2013年5月30日木曜日

道なき道を13年。女子アメフト「鈴木弘子48歳」アメリカ代表に




6月のフィンランドで開催される「女子アメリカン・フットボール世界選手権」

そのアメリカ代表のメンバー表にある「Betty SUZUKI(ベティ・スズキ)」という名前。



日系アメリカ人?

いや、彼女は生粋の日本人だ。

東京・浅草生まれのちゃきちゃきの。



本名「鈴木弘子(すずき・ひろこ)」

アメフトを始めたのは30歳の時(1995)。

「初めて見たアメフトの試合が『自分が出た試合』だった」という、ブッツケ本番のアメフト・デビューだった(レディコング)。



友人に誘われて「お稽古感覚」で始めたというアメフトだったが、その「豪快かつ緻密なプレー」に一発で虜となり、2000年には単身アメリカへと渡ってしまう。何のつてもないままに(当時35歳)。
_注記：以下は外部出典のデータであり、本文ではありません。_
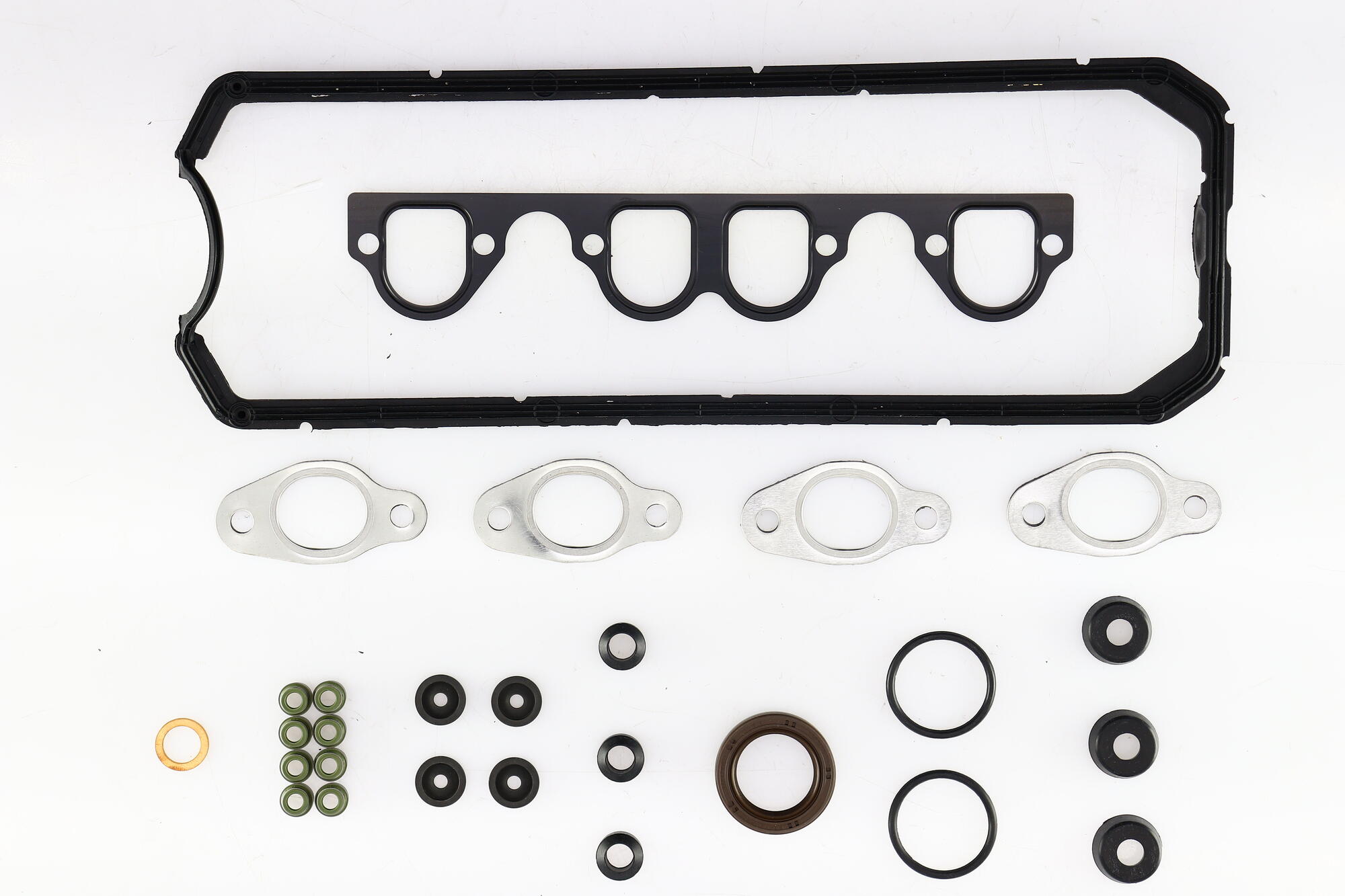 Kit guarnizioni, testata CORTECO 418599P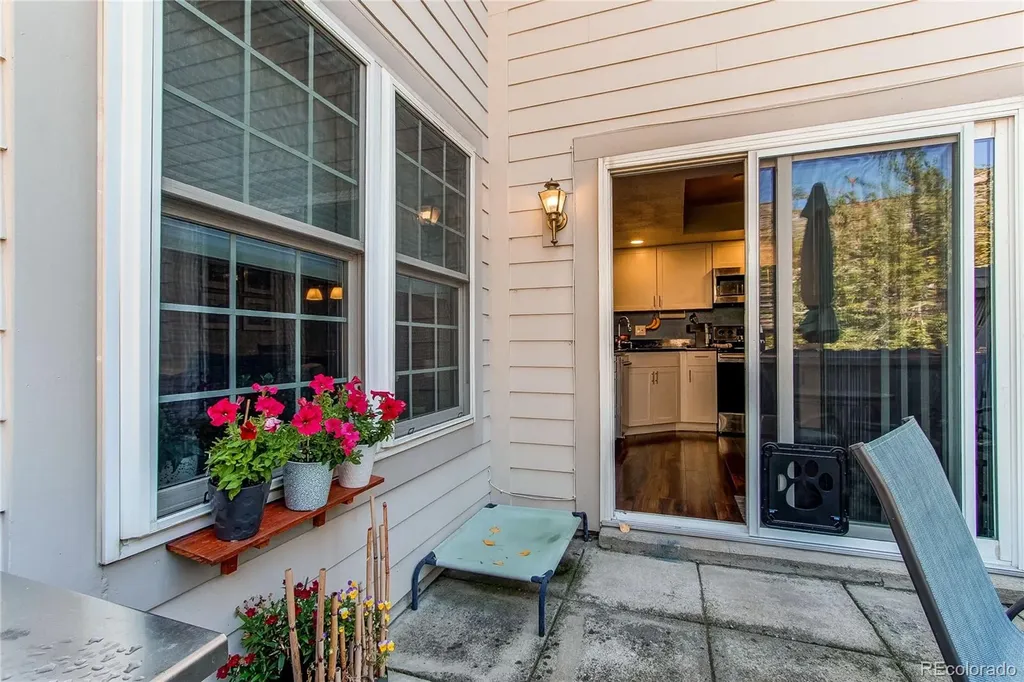 2152 S Victor Street Aurora CO 80014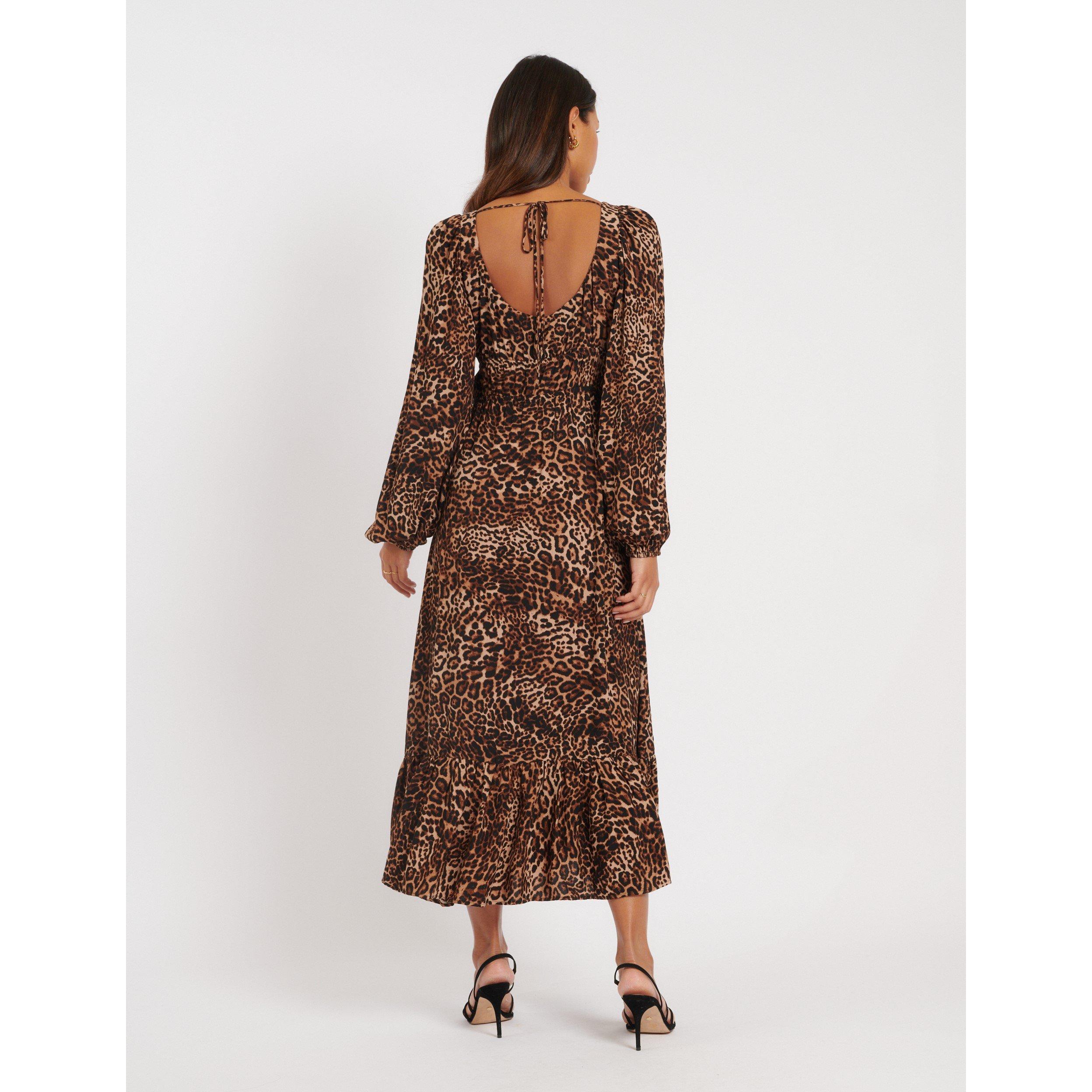 Nobodys Child Women's Samantha Mini Dress
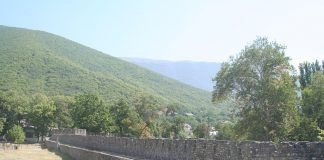 Orasul Shaki: Obiective turistice Azerbaidjan – Shaki Orasul Shaki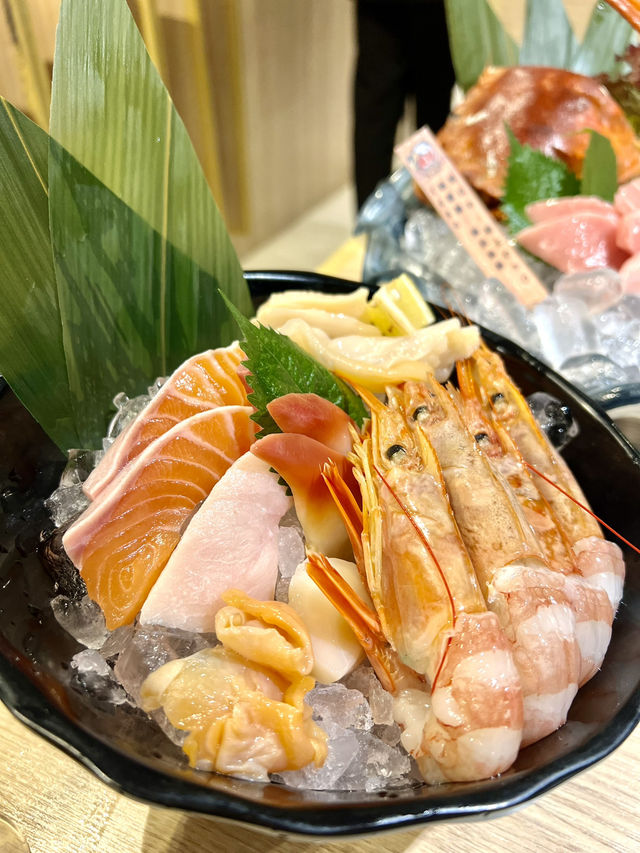 旺角御滿屋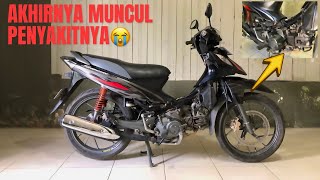 Review Shogun SP 125 Setelah 4 Bulan Pemakaian, RUNGKATT😭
本場アメリカ・プロリーグの入団テストに、鈴木さんは見事合格。日本女子初、プロ選手第1号となる。

米国プロリーグWFAの平均体重は120kgというなか、鈴木さんはその半分程度の65kgしかない。巨漢アメリカ女性らに比べれば、大人と子供である。だが体格で劣る分、鈴木さんの持ち味は「速さと技術」だった。



アメリカ初年度、鈴木さんはフロリダのチームに所属(デイトナビーチ・バラクーダス)。だが、英語が全くわからない。それでも、遠い異国からアメフトだけのためにやって来た鈴木さんに、誰も彼もが親切にしてくれたという。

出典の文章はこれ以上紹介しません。